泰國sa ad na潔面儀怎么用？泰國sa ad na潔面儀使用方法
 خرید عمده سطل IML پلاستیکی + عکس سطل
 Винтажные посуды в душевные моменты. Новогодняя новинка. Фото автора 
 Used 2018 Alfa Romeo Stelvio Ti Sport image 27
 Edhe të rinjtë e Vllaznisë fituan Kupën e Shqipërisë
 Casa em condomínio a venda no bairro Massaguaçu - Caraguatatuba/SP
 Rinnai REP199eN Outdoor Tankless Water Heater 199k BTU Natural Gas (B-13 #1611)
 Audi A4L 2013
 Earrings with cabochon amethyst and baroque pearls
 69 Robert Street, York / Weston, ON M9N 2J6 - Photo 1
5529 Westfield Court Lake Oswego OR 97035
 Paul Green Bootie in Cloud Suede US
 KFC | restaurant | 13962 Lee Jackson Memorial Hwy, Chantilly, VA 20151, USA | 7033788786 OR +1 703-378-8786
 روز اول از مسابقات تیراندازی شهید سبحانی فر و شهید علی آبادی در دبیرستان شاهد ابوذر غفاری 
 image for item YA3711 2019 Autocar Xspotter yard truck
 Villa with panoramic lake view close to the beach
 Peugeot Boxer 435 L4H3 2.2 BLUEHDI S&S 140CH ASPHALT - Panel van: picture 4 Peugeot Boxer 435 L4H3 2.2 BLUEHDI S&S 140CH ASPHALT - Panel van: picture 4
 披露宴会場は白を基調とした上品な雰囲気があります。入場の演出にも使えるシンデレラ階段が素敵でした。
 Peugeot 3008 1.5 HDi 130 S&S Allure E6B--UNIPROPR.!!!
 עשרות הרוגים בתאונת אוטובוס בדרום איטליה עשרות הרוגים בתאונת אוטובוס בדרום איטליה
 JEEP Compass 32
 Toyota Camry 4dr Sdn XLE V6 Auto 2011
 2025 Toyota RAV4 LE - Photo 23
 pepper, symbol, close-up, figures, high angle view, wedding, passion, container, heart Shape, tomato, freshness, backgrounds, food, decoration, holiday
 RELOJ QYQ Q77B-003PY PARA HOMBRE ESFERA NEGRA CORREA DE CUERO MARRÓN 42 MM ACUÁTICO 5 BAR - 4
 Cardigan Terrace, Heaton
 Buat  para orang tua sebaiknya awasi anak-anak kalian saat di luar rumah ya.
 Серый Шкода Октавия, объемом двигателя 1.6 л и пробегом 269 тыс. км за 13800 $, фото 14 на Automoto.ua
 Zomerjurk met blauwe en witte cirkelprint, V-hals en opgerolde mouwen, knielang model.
---
Above are records; repeat only the lines starting at the line with "69 Robert Street, York" and ending at the line with "披露宴会場は白を基調とした上", exactly as they appear, both included.

Answer to the problem:
 69 Robert Street, York / Weston, ON M9N 2J6 - Photo 1
5529 Westfield Court Lake Oswego OR 97035
 Paul Green Bootie in Cloud Suede US
 KFC | restaurant | 13962 Lee Jackson Memorial Hwy, Chantilly, VA 20151, USA | 7033788786 OR +1 703-378-8786
 روز اول از مسابقات تیراندازی شهید سبحانی فر و شهید علی آبادی در دبیرستان شاهد ابوذر غفاری 
 image for item YA3711 2019 Autocar Xspotter yard truck
 Villa with panoramic lake view close to the beach
 Peugeot Boxer 435 L4H3 2.2 BLUEHDI S&S 140CH ASPHALT - Panel van: picture 4 Peugeot Boxer 435 L4H3 2.2 BLUEHDI S&S 140CH ASPHALT - Panel van: picture 4
 披露宴会場は白を基調とした上品な雰囲気があります。入場の演出にも使えるシンデレラ階段が素敵でした。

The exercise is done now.